What the exercise asks = Set down exactly the lines of the records from the top to the line containing "Мужской шампунь Nishman"; include both.

Brief descriptive captions =
<<<<

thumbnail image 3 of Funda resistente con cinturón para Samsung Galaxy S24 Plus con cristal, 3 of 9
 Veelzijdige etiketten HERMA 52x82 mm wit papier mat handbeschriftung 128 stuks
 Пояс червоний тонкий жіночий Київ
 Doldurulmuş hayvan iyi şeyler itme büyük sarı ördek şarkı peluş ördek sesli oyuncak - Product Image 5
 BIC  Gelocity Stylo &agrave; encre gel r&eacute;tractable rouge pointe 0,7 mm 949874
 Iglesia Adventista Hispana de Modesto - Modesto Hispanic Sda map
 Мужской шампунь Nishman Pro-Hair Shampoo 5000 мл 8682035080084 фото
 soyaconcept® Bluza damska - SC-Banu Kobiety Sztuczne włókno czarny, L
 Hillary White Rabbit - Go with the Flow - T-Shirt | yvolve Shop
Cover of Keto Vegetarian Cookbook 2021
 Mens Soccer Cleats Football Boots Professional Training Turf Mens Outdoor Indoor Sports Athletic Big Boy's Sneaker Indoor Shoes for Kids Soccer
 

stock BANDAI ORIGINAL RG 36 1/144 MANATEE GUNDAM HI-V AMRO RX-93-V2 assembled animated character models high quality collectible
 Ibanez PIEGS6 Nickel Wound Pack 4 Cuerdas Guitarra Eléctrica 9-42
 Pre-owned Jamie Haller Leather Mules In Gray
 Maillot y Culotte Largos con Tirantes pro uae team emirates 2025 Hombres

>>>>

Response area =
thumbnail image 3 of Funda resistente con cinturón para Samsung Galaxy S24 Plus con cristal, 3 of 9
 Veelzijdige etiketten HERMA 52x82 mm wit papier mat handbeschriftung 128 stuks
 Пояс червоний тонкий жіночий Київ
 Doldurulmuş hayvan iyi şeyler itme büyük sarı ördek şarkı peluş ördek sesli oyuncak - Product Image 5
 BIC  Gelocity Stylo &agrave; encre gel r&eacute;tractable rouge pointe 0,7 mm 949874
 Iglesia Adventista Hispana de Modesto - Modesto Hispanic Sda map
 Мужской шампунь Nishman Pro-Hair Shampoo 5000 мл 8682035080084 фото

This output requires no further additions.